Stakeholder Networking: Making Policies Reflect the Public Interest. Given that 21st century problems cannot be properly addressed through unilateral action, savvy managers should look to building a stakeholder network and begin identifying the appropriate people to engage. The case of study of the New York Port Authority’s attempt to engage business and civil society in the plans to rebuild the World Trade Center illuminates the complexities of selecting appropriate contributors and finding common goals among a cacophony of voices. Ultimately, this case raises more questions than answers. Some citizen engagement is necessary, but the extent to which bureaucracy should engage citizens remains unclear.

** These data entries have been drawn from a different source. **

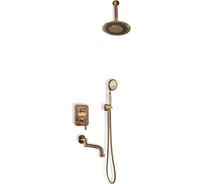 Комплект для душа встраиваемый с изливом лейка с потолка (душ ДВОЙНОЙ ЦВЕТОК) ВИНДЗОР Bronze de Luxe 10137/1DF
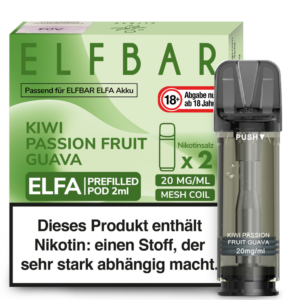 Elfbar – Elfa Pod Kiwi Passion Fruit Guava 20 mg/ml (2 Stück pro Packung)
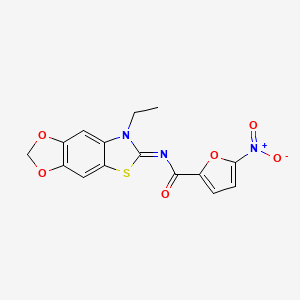 N-(7-ethyl-[1,3]dioxolo[4,5-f][1,3]benzothiazol-6-ylidene)-5-nitrofuran-2-carboxamide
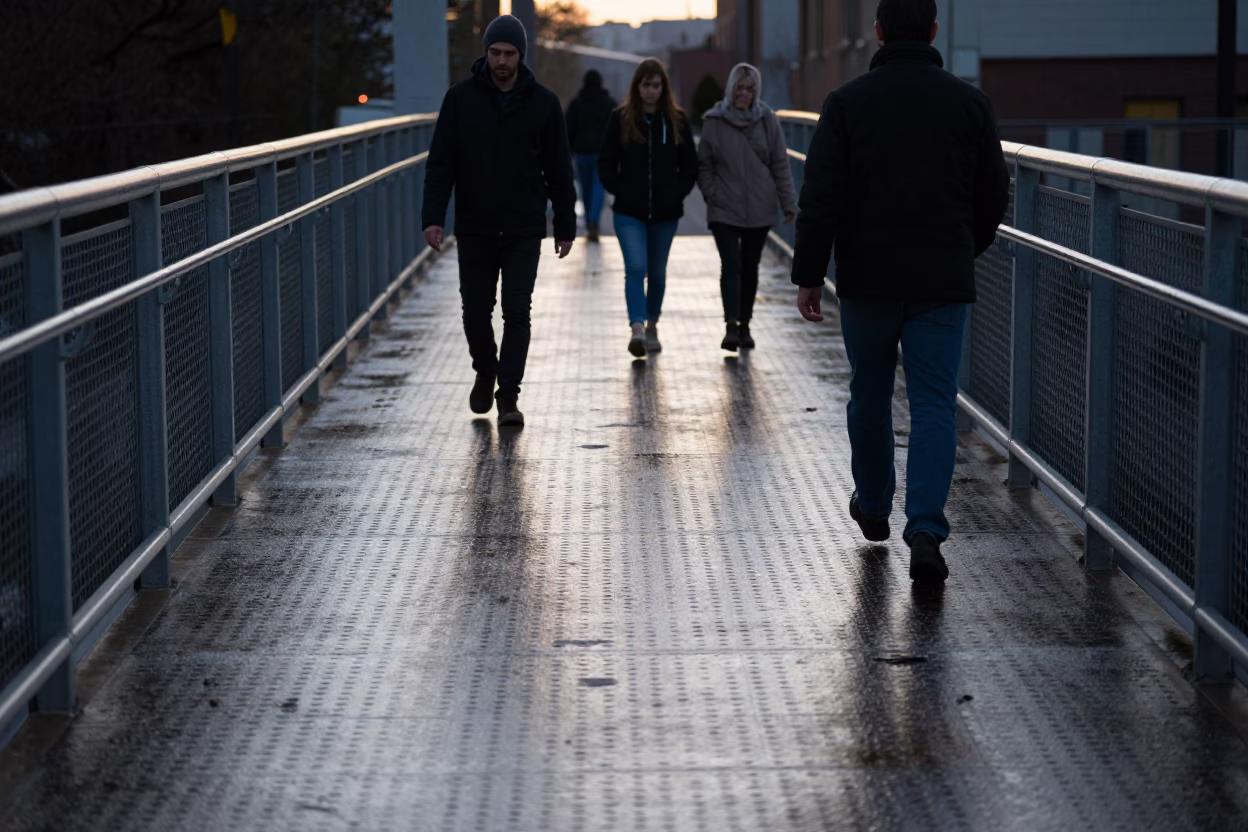 Austin Texas Pedestrian Overpass Perforated Metal Wet Footsteps Before Sunrise 1970s Realistic Photograph in in Austin, Texas, United States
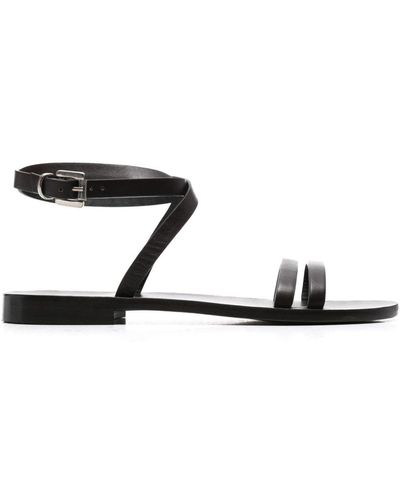 P.A.R.O.S.H. Flat leather sandals - Schwarz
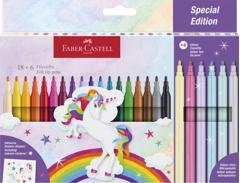 Faber-Castell - Felt-tip pen unicorn 18+6 + stickers (554221)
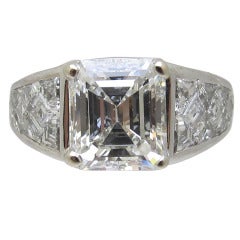 GRAFF GIA Cert Emerald Cut 4.03 carat Diamond Fancy Cut Diamond Set Ring 1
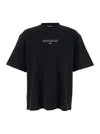 Off-white Black Crewneck T-shirt With Logo Lettering On The Front In Cotton Man In Black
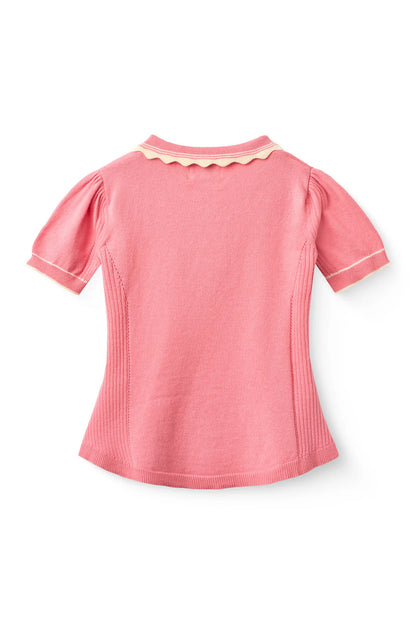 KNITTED PEPLUM BLOUSE - PINK COMB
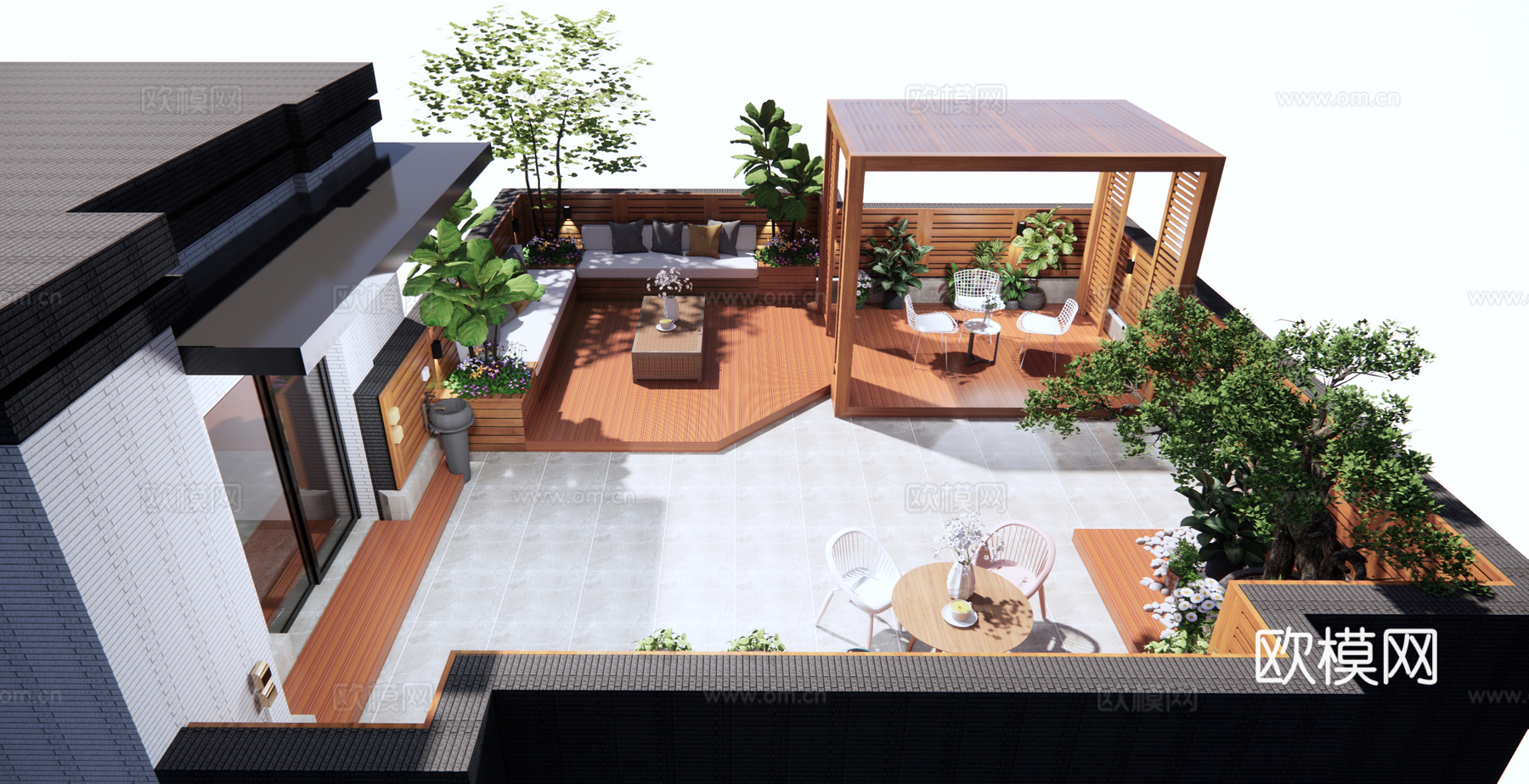 现代屋顶花园su模型下载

Tenacious Promotion of Success: Shaping Public Perceptions. Although citizens depend on government-provided services, the public servants who help to build and maintain those services remain largely nameless and faceless. What is more, the media does not hesitate to broadcast government failures and scandals. Maintaining an open government is no longer enough. In a democracy, public officials must also accept the responsibility of keeping the public informed through public reporting in annual reports, through public hearings to involve citizen participation or through public service ads. Cohen and Eimicke recommend that administrators approach the media in a way that will give them greater control over the message they send to the public. Each employee, then, should have some training on media relations in order to help validate an organization’s public credibility.
The paradox of anti-government sentiment is that its origins are multifaceted: found in the beliefs of both citizens and public servants. Thus, any attempts by public administrators to promote a pro-government culture within the United States must be equally multi-dimensional, addressing the rifts of mistrust between, within and without government, at local and national levels and prescribe creative solutions to build a society characterized by a government more united with the needs of its populace. The United States constitutional imperative on a bureaucracy improves the practice of democracy, demands that public servants advance a common goal: the promotion of strong government-citizen ties and mutual T.R.U.S.T.